# Well, Bought An Exercise Machine....



## great white (Apr 14, 2015)

The missus has been vetching about needing more exercise. As far as I'm concerned, she's still one hot tamale but she wants to work on keeping her shape (she's 5' 8" and 130 lbs).

This winter has been hard on us with not being able to get outside and I'm not a fan of spending long periods on a machine in the basement or gym.

So, we went looking for something that didn't claim a lot of time needed for workout results, low/no impact and would be easy to squirrel away in a smaller space. I'm 50 and beat to heck from flying search and rescue (neck-back-elbows-knees) and at 40 years old her knees are wrecked from sailing (navy) so no impact is a near necessity. That means something like an elliptical or similar machine.

After reading reviews and brochures, we just ordered a bowflex Max 5. Supposedly 14 minutes of interval training provides the required exercise and some weight loss (would be nice, but I'm not exactly holding my breath for results from 14 minutes a day).

The only one we found rated a littel better was the nordictrack free strider, but it was darned near double the price!

Time will tell if the max 5 is going to get used as intended.

For what it cost, I sure as heck hope it gets used as intended......

Anyone else have exercise equipment that is .......*ahem*.......age/injury friendly?


----------



## rrjohnso2000 (Apr 14, 2015)

Put it in front of a tv. It's way easier to work out when you are distracted by something. Good luck


----------



## great white (Apr 14, 2015)

rrjohnso2000 said:


> Put it in front of a tv. It's way easier to work out when you are distracted by something. Good luck


That was actually something we looked at. It has an app that bluetooth's with android or IOS and a built in stand to hold your tablet.

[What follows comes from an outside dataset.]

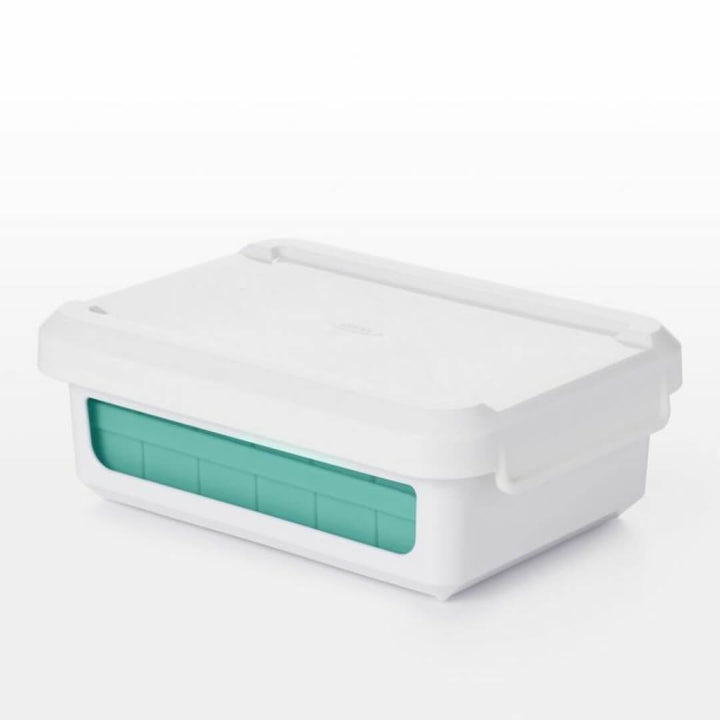 OXO Good Grips Small Cubes Ice Cube Tray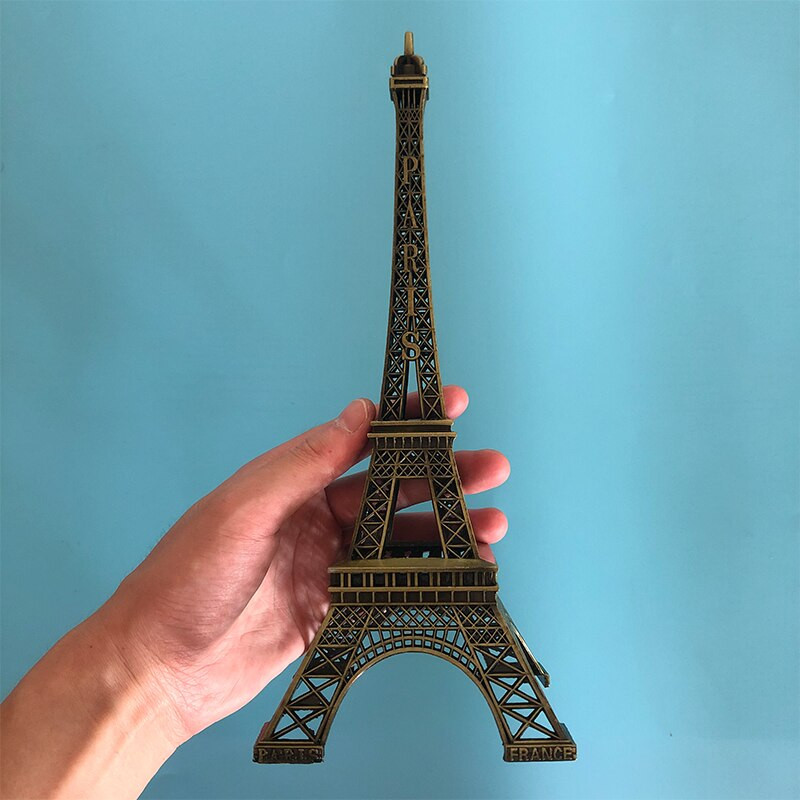 Kreatív párizsi Eiffel-torony szobor európai kézműves retro modell irodai dekoráció miniatűr épület kis ajándék retro dekoráció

Plan is watch netflix on the tablet for entertainment.


----------



## stupoty (Apr 14, 2015)

Make a cutting list for upcoming projects and hand her the hacksaw 

Any excercise is good, but spending loads on an implement to work out on can help make you want to use it.

Stuart


----------



## great white (Apr 14, 2015)

stupoty said:


> Make a cutting list for upcoming projects and hand her the hacksaw
> 
> Any excercise is good, but spending loads on an implement to work out on can help make you want to use it.
> 
> Stuart


Yeah, she's a pretty prime catch and I'd like to stay married so......no.


----------



## Holescreek (Apr 14, 2015)

I read the thread title and thought " well, here's another thread on making a lathe motor from a treadmill", but after clicking on it found out you were serious.


----------



## great white (Apr 14, 2015)

Holescreek said:


> I read the thread title and thought " well, here's another thread on making a lathe motor from a treadmill", but after clicking on it found out you were serious.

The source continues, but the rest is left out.